- The Washington Times - Wednesday, July 6, 2011

The outgoing deputy commander of U.S. forces in Afghanistan said Wednesday that the planned pullout of U.S. troops poses a minimal risk to gains against Taliban insurgents, as violence in the country has increased.

“We can achieve sufficient stability across Afghanistan by 2014,” Lt. Gen. David Rodriguez told reporters at the Pentagon by video link from Kabul, referring to the announced drawn down of 33,000 troops set to begin this month.

The general, who will be leaving his post next month, said the troop cut announced by President Obama two weeks ago will not negatively affect Afghanistan’s security.

Some 70,000 new recruits will be added to Afghan national security forces by the summer of 2012, brining the total number to more than 350,000, he said.

“It’s the growing capacity of the Afghan national security forces and the strengthening of their organizations that enable us to continue the momentum without increasing the risk by a significant level,” the three-star general said. “We’ve begun the process of working ourselves out of a job.”

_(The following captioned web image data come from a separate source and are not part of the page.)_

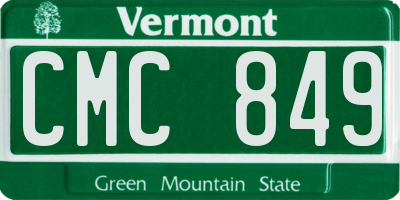 VT license plate CMC849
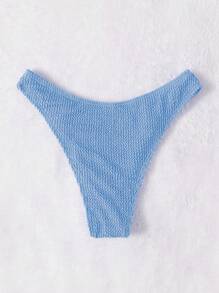 Plain High Cut Bikini Bottom - Blue - View 2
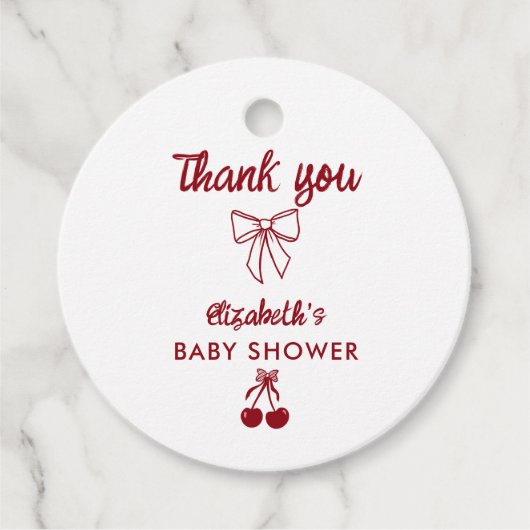 Cherry Baby Shower Thank you Bows Coquette Geschenkanhänger (Vorderseite)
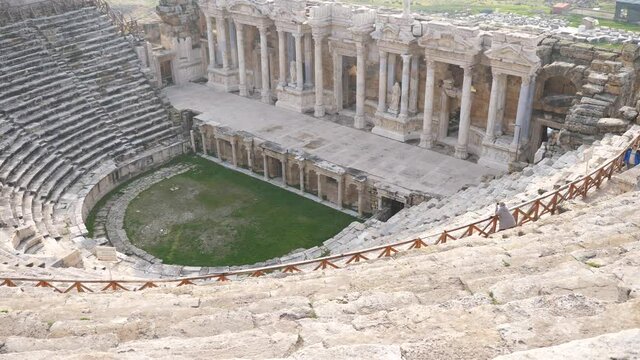 The Pamukkale Amphitheater of the ruined city of Hierapolis is one of the attractions of Turkey.
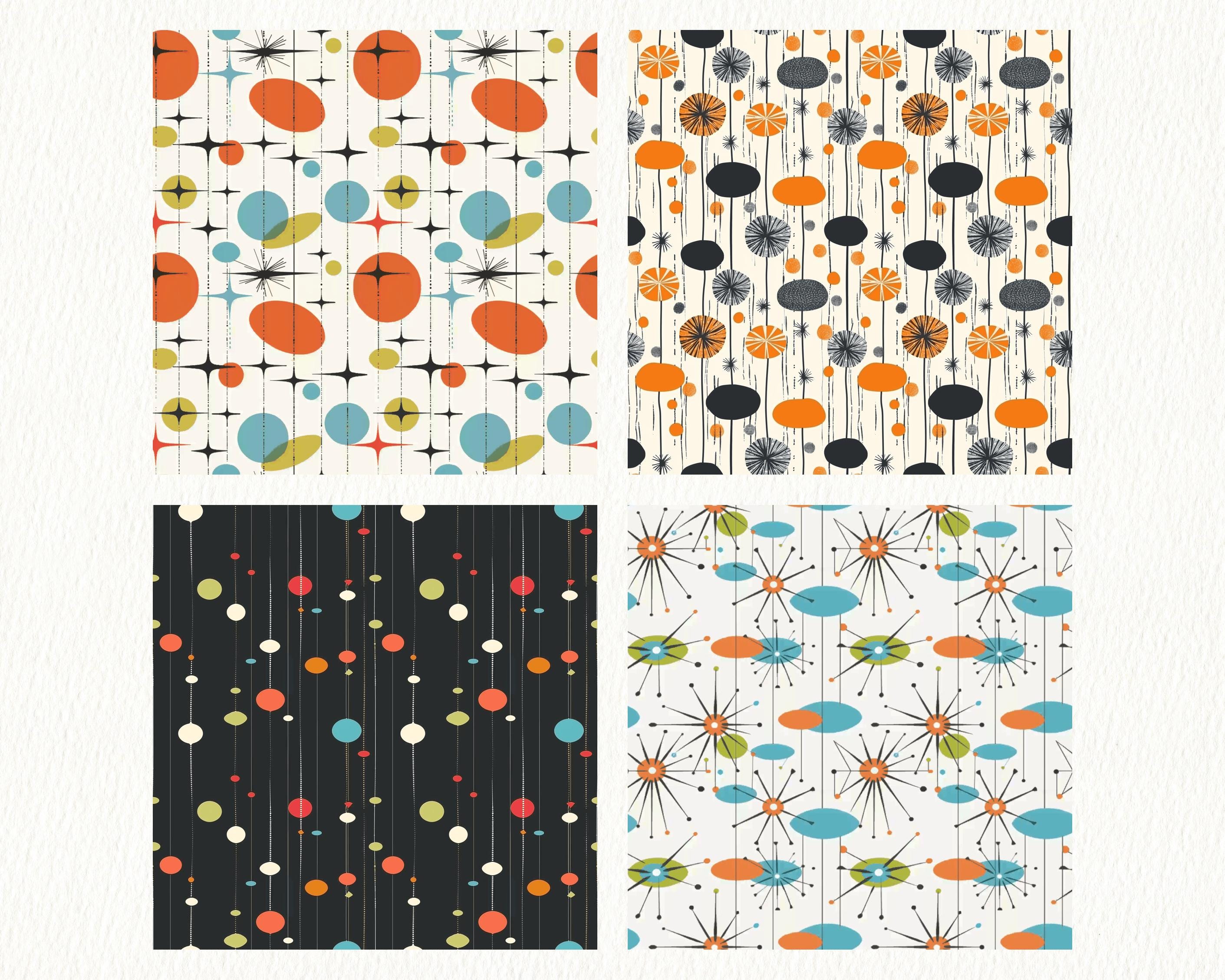 Mid Century Orbs Pattern Seamless Digital Papers - Printable Scrapbook ...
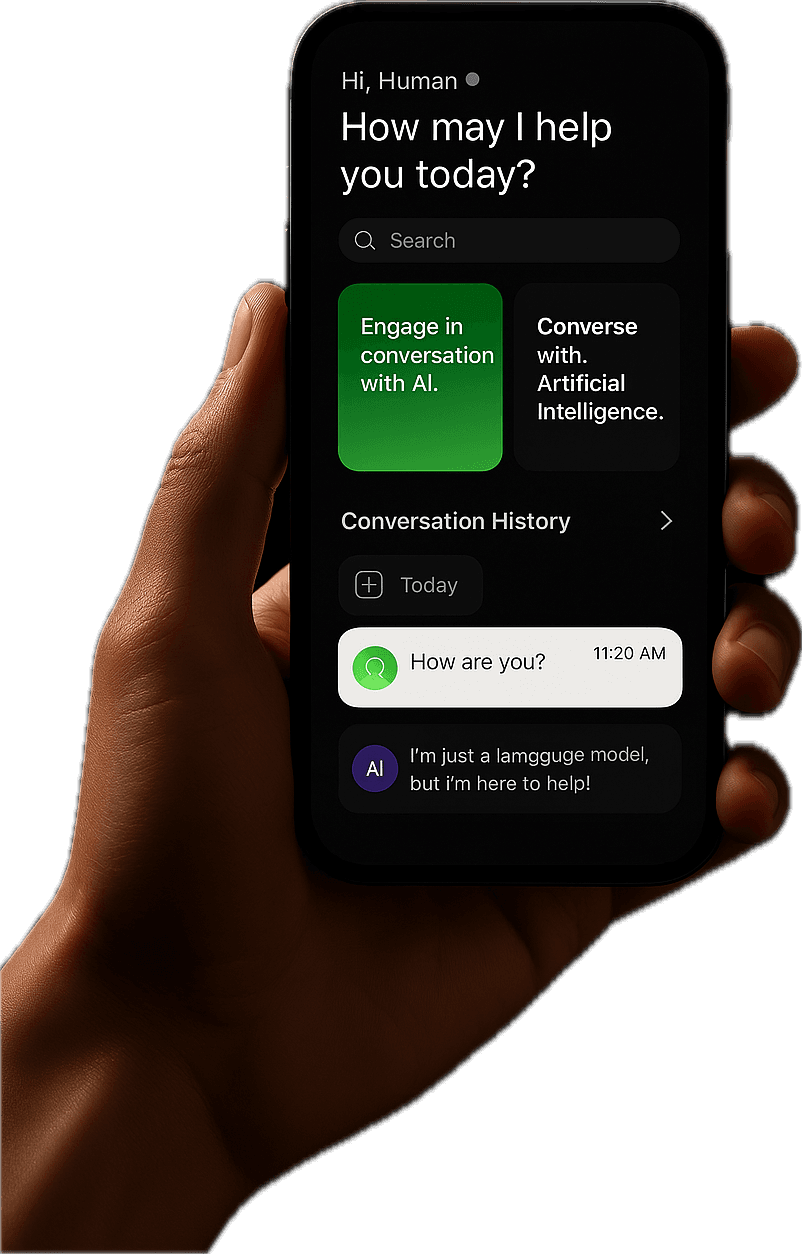 A hand holding a phone with AI chat interface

Despite the positive signs, Gen. Rodriguez said he remained cautious, noting that progress against the Taliban “is still fragile and reversible,” a phrase echoed by multiple ISAF commanders in the lead-up to the president’s troop decision.

“We’ve still got a little bit more way to go,” Gen. Rodriguez said. “We will stay the course with a plan and not chase transition.”

The recent insurgent attack on Kabul’s Intercontinental Hotel was a sign of the growing strength of Afghan security forces, Gen. Rodriguez said. The Afghans prevented the deaths of hundred of people in countering the attack, he said.

“Each day, [Afghan forces] are taking on greater responsibility and helping prevent spectacular attacks across the country,” he said.

The attack on the hotel, housing mainly wealthy Afghans and foreigners, lasted six hours, and was ended when NATO helicopters killed three insurgents on the hotel’s roof.

The troop drawdown comes in a year marked by increased violence by the Taliban and other insurgent groups, a situation that Gen. Rodriguez saw as a sign of their desperation.

“In places where we focused our energy, [attacks] are down,” he said. “There is a significant increase in direct fire attacks that are very ineffective.”

The reason violence was not dying down as quickly as in Iraq, he said, was because Iraq’s insurgency was based in towns and cities, while the Afghan insurgents are in rural regions.

The general said that during the drawdown, troops will be moved across the country. Some units will be leaving while others deploy to the east near the Pakistani border, where Taliban forces have been regrouping after coalition offensives in the southern provinces for the past two years.

Pakistani forces launched an attack Wednesday on North Waziristan, hitting insurgents on their side of the border.

Gen. Rodriguez said the first stage of the troop drawdown will begin later this month. Three battalions based in different parts of the country will finish their deployment and will not be replaced.

In addition to bolstering local military forces, Gen. Rodriguez also said the success of the U.S. mission depends on supporting the Afghan government.

“What is most critical is that we support good Afghan leaders,” he said, “and inspire other leaders to join in helping create a hopeful future.”

Gen. Rodriguez said that outside influences, such as Iran, have not increased efforts within the country since the announcement of the drawdown, noting that arms trafficking across the Iranian border remained “pretty consistent for the last several years.”